• **Exercise instructions**:
Give back an exact copy of the entries beneath, minus the pictures.
Start of Extracted data
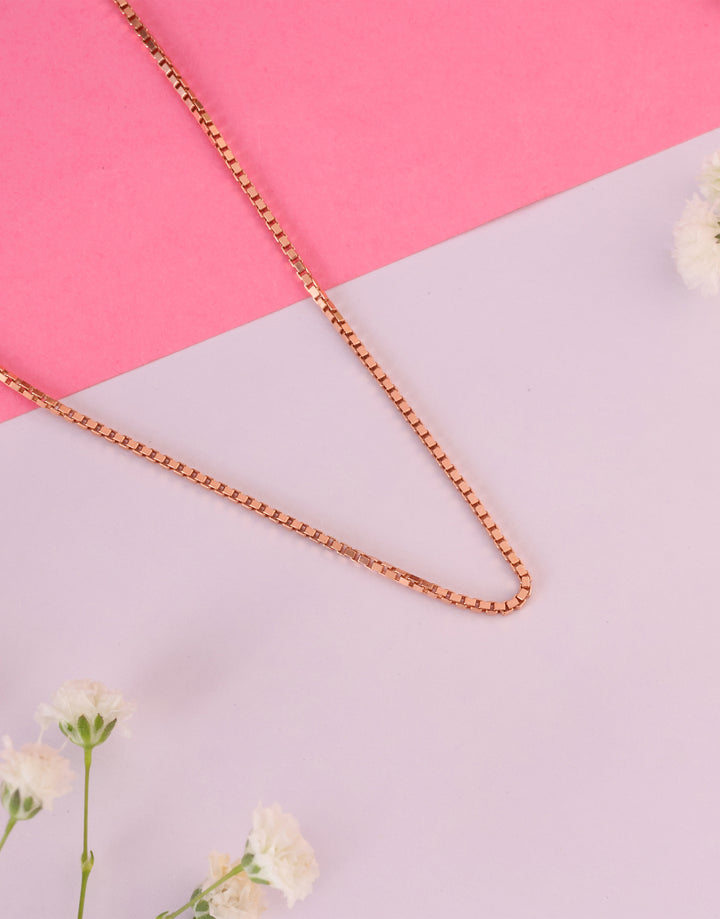 sleek rose gold plated sterling silver box chain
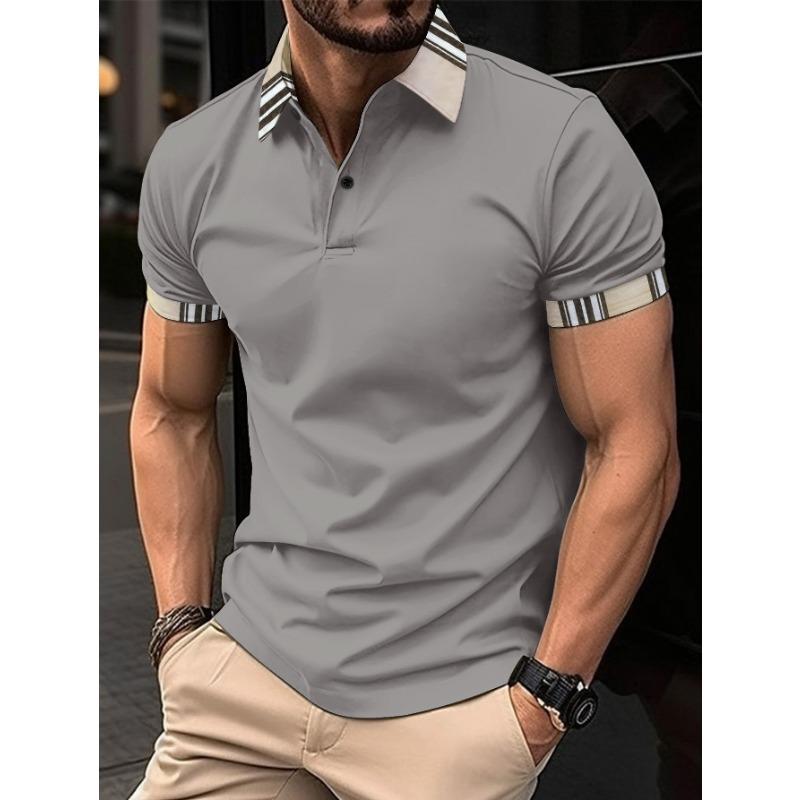 Summer Lapel POLO Shirt with Button Pocket Men's Sports Polo Shirt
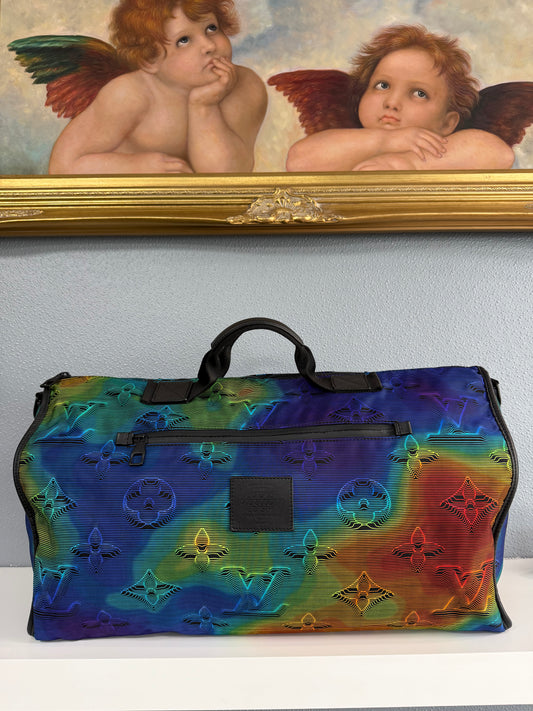 LOUIS VUITTON 2054 REVERSIBLE KEEPALL BANDOULIERE MONOGRAM 3D 50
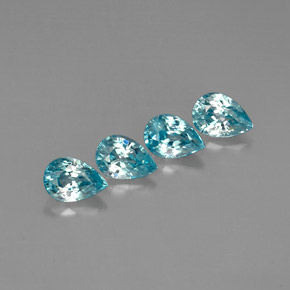 Zircone naturale blu da  ct, taglio a pera, VVS-VS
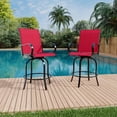thumbnail image 3 of 3-Piece Outdoor Bar Set, Swivel Textilene Bar Stools with Glass-Top Table, Patio Bistro Set for Balcony, Backyard & Poolside, 3 of 5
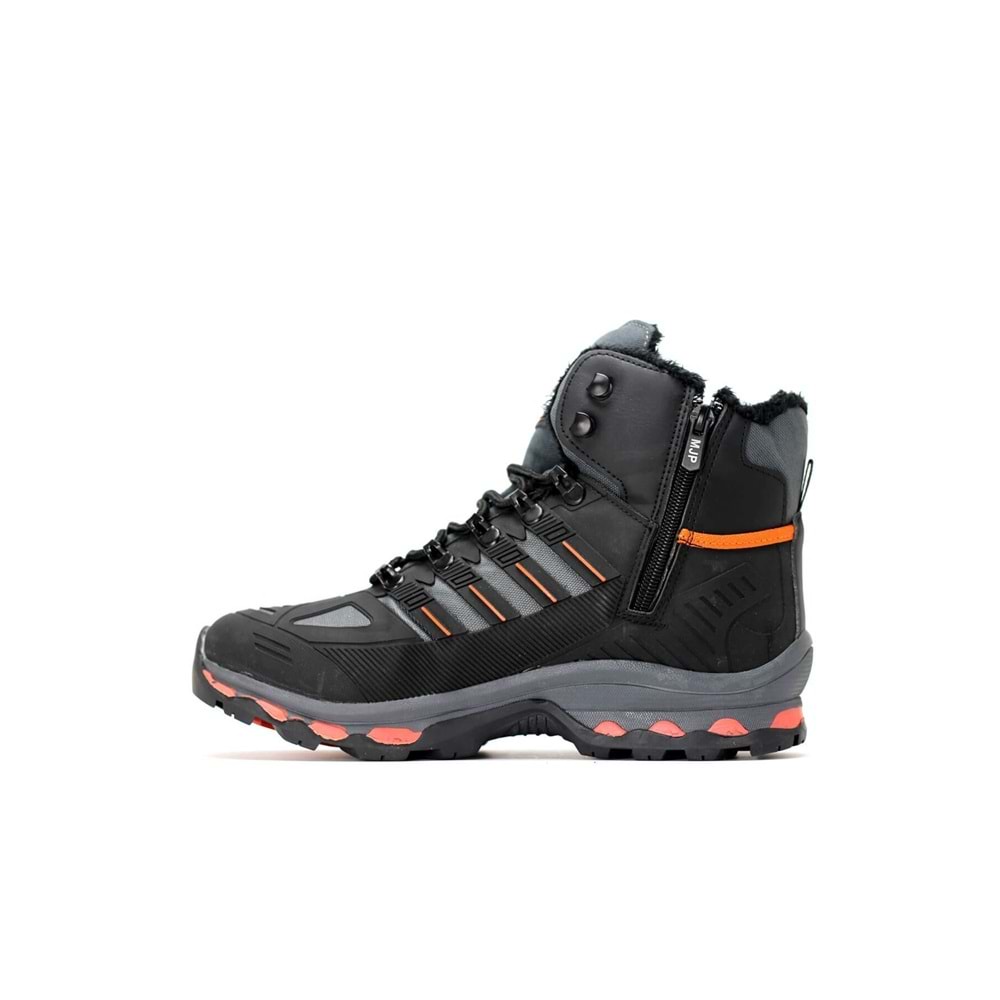 2223-Jamper Anatomik Kaydırmaz Tabanlı Soft Shell Outdoor Trekking Erkek Fermuarlı Spor Bot - NKT02223-Füme-42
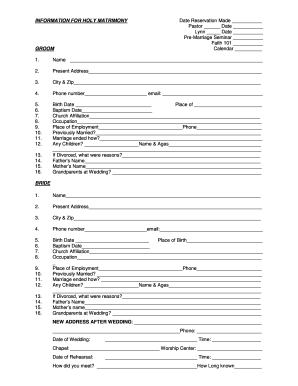 Holy Matrimony Wedding Planning Form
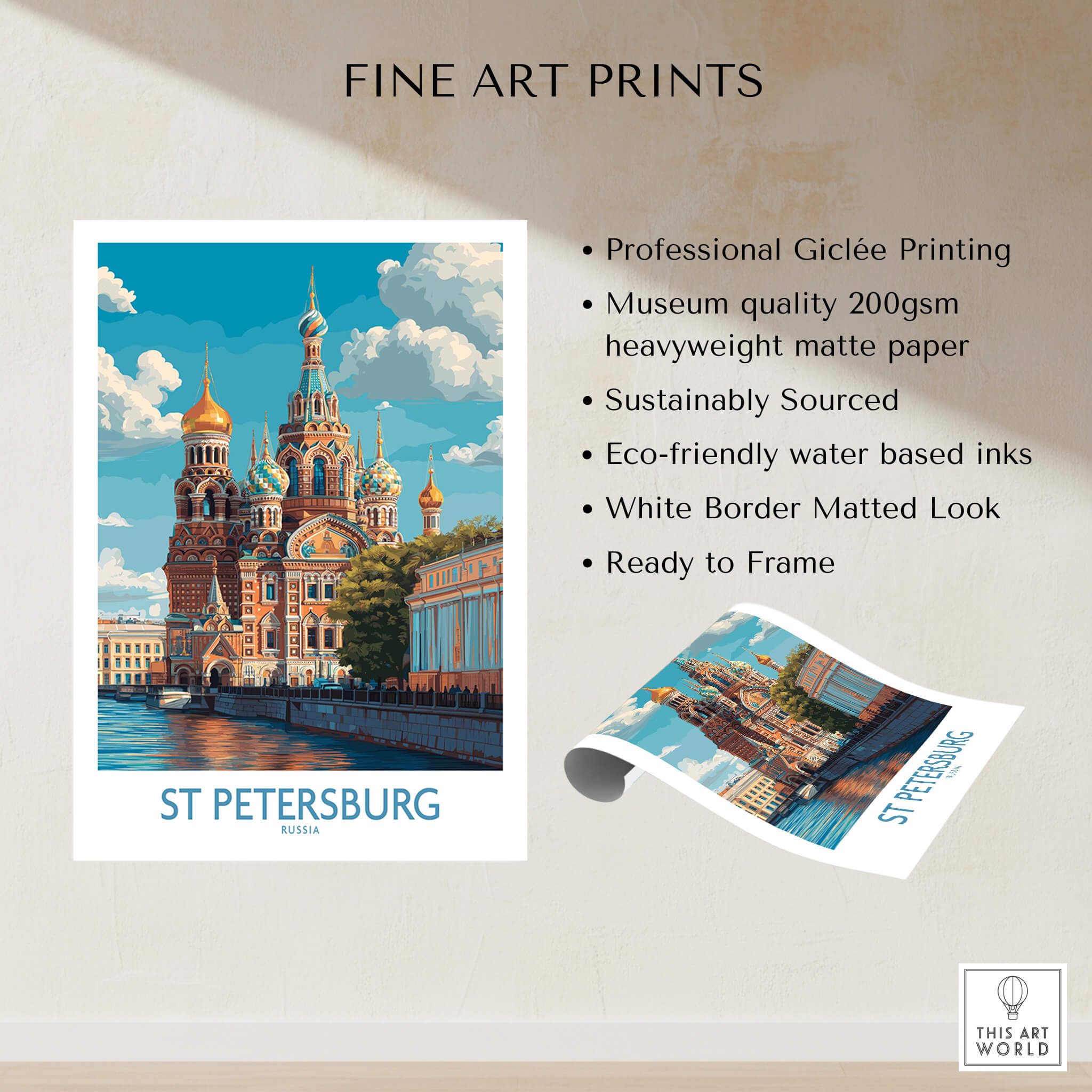 St Petersburg Russia Canvas Print | Historic Cathedral & Canal Scene Poster showcased on museum quality paper.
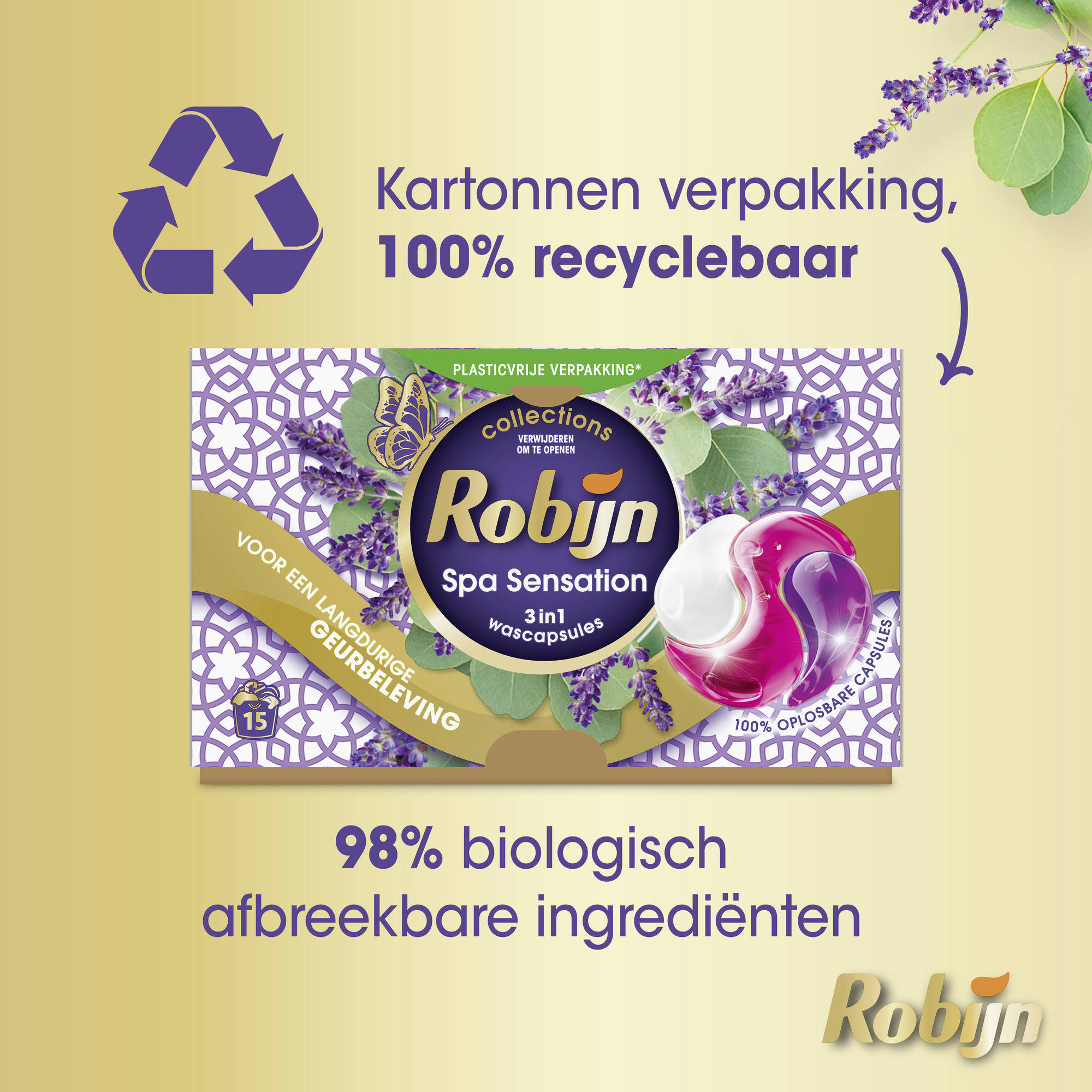 Robijn 3-in-1 wascapsules Color Spa Sensation - 4 x 15 wasbeurten - 60 wasbeurten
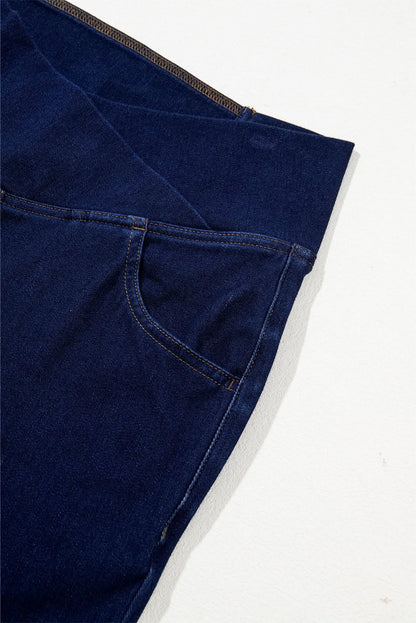 Dusk blue flare jeans with crossed waist - Love Salve 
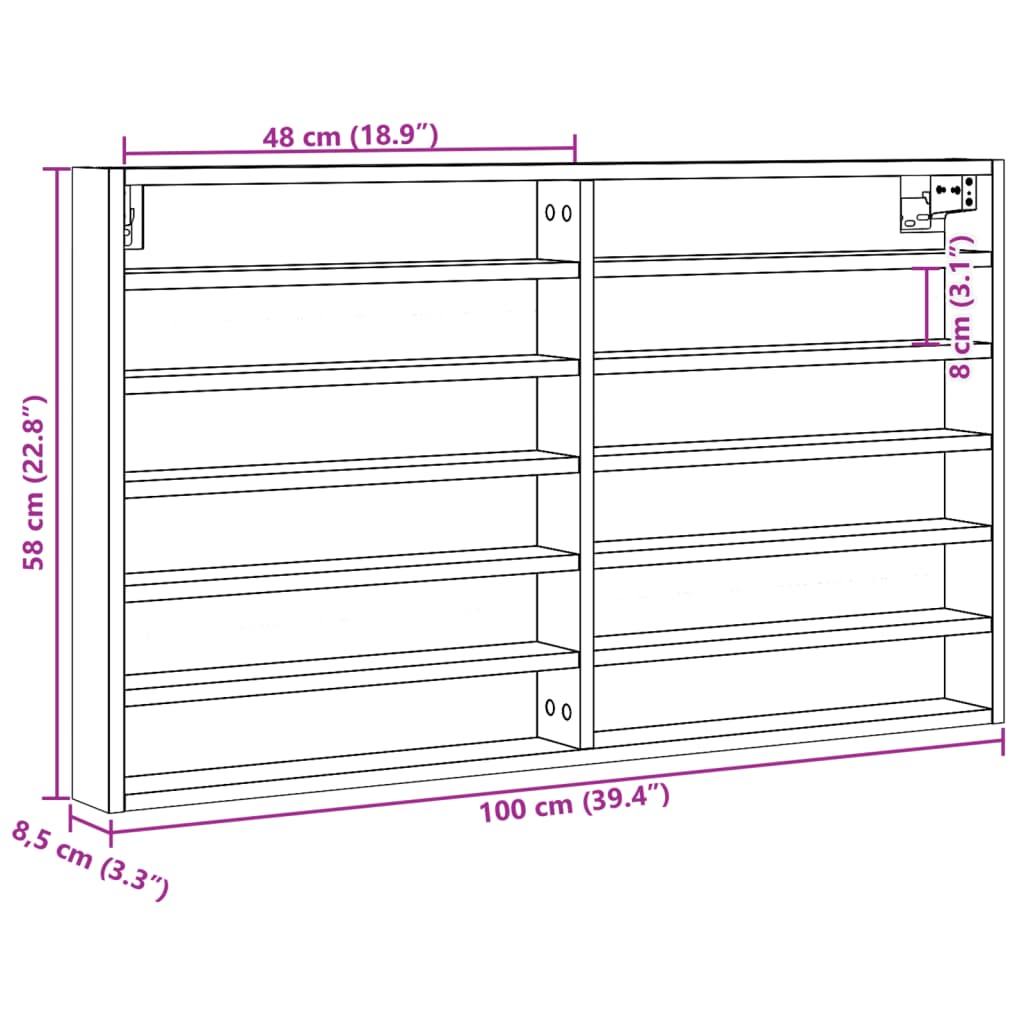 Armário vitrine 100x8,5x58 cm derivados de madeira cinza sonoma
End of Extracted data
• **Your response**:
 sleek rose gold plated sterling silver box chain
 Summer Lapel POLO Shirt with Button Pocket Men's Sports Polo Shirt
 LOUIS VUITTON 2054 REVERSIBLE KEEPALL BANDOULIERE MONOGRAM 3D 50
 Zircone naturale blu da  ct, taglio a pera, VVS-VS
thumbnail image 3 of 3-Piece Outdoor Bar Set, Swivel Textilene Bar Stools with Glass-Top Table, Patio Bistro Set for Balcony, Backyard & Poolside, 3 of 5
 2223-Jamper Anatomik Kaydırmaz Tabanlı Soft Shell Outdoor Trekking Erkek Fermuarlı Spor Bot - NKT02223-Füme-42
 Holy Matrimony Wedding Planning Form
 St Petersburg Russia Canvas Print | Historic Cathedral & Canal Scene Poster showcased on museum quality paper.
 Robijn 3-in-1 wascapsules Color Spa Sensation - 4 x 15 wasbeurten - 60 wasbeurten
 Dusk blue flare jeans with crossed waist - Love Salve 
 Armário vitrine 100x8,5x58 cm derivados de madeira cinza sonoma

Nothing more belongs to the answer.